The downward-facing camera also caused a problem: if it didn’t see the surface or the patterns on the surface clearly, it switched to a “renegade” ATTI mode. If this function hadn’t existed or could have been turned off, we would have had an easier task indoors during the initial developments. As we didn’t have this option, we covered the area’s floor with as many colored and non-reflective stickers as possible. We also missed the partial usability of the sensors. It would have helped if the sensors had been separately adjustable on the drone. Being able to easily extract the data of non-visual sensors is also something we could have made use of. We have ambivalent feelings about DJI support, too. Our Android SDK-related questions were answered within a short time, but in terms of the Windows SDK we missed the detailed descriptions with reference to all drones. We could not find any mention of the Windows SDK’s limitations in terms of the Mavic 2 Zoom, which took a lot of time from development. The support did not provide comprehensive information about the SDK’s shortcomings and we did not receive satisfactory replies to our questions either. A usual reply from the support on official DJI forums was that we can always rely on the help of the developer community (which is true), but at a certain point of the development, we had to translate the content of Chinese websites through Google Translate, which, much to our surprise, could actually contribute to solving the problem.
The DJI Mavic Mini came out halfway through the developments, and we would absolutely consider using it for the demo part of the project. Due to its small size, it would cause less turbulence and therefore it would become safer to fly towards the objects, eliminating the zoom function from the project. After the successful pilot, it would be useful to check these assumptions by testing our currently applied solution with this new model.

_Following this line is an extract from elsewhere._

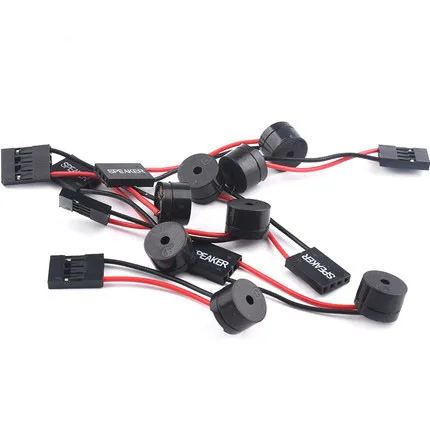 Moederbord Kleine Luidspreker Alarm Systeem Zoemer Computer Chassis Buzzer Speaker Speaker 5Pcs/1Lot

During the project, we learned a lot about current drone technologies, the DJI products and the difficulties of flying drones indoors. At the end of the project, we drew the conclusion that for further developments we would build our own drone so that we could define what components it should have. This way we could eliminate the significantly disturbing ATTI mode and we could choose a framework that suits the project’s aim better than the Android SDK. We would be able to change the camera, the size of the drone and the sensor data needed for implementing the project. The techniques and devices we used (Aruco markers, FRCNN) seem promising. In the future, we are going to continue the development to create an even better, more universal product.
No creatures were harmed during the project, only 10 propellers were broken.